Data provided:

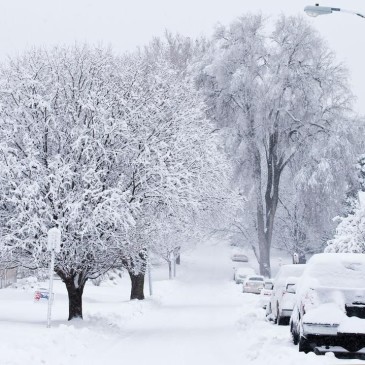 Snow Day – Closed Tuesday Feb 2nd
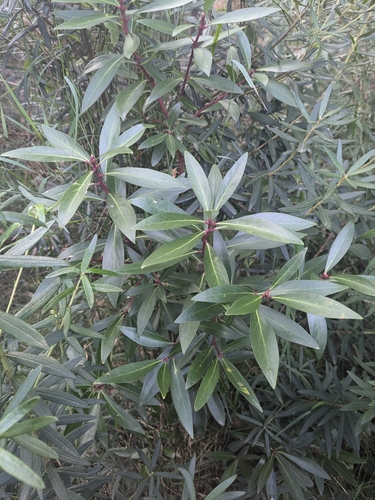 Tasmannia lanceolata (Mountain Pepper) (alternate view 4)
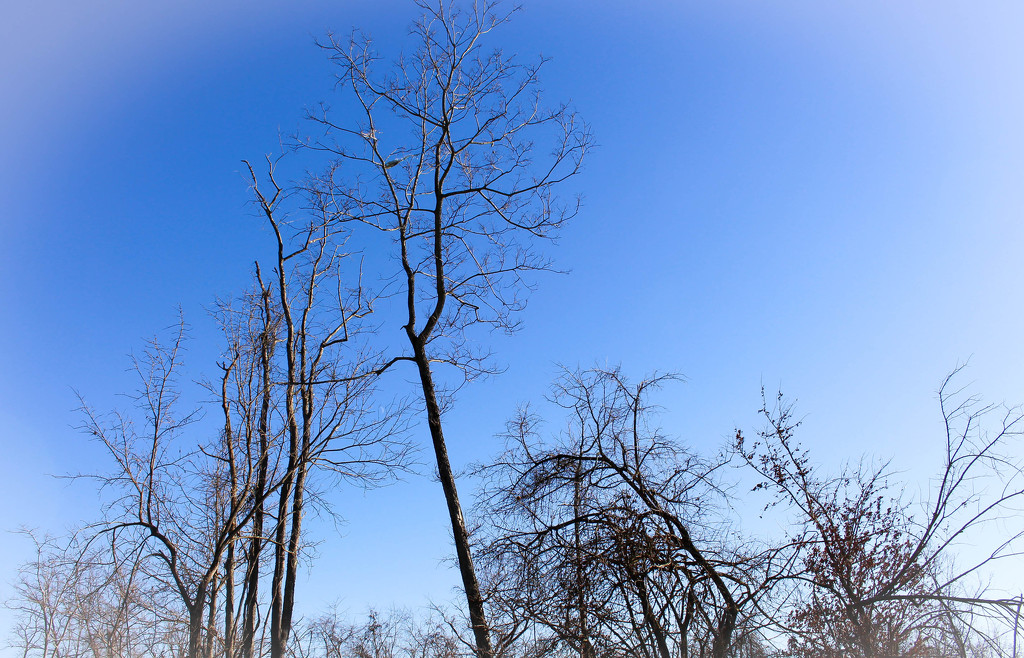 Bare trees by mittens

Exercise details:
Extract exactly the lines above from the line containing "Tasmannia lanceolata (Mountain" through the last one, both ends included, but not the pictures.

Written solution:
 Tasmannia lanceolata (Mountain Pepper) (alternate view 4)
 Bare trees by mittens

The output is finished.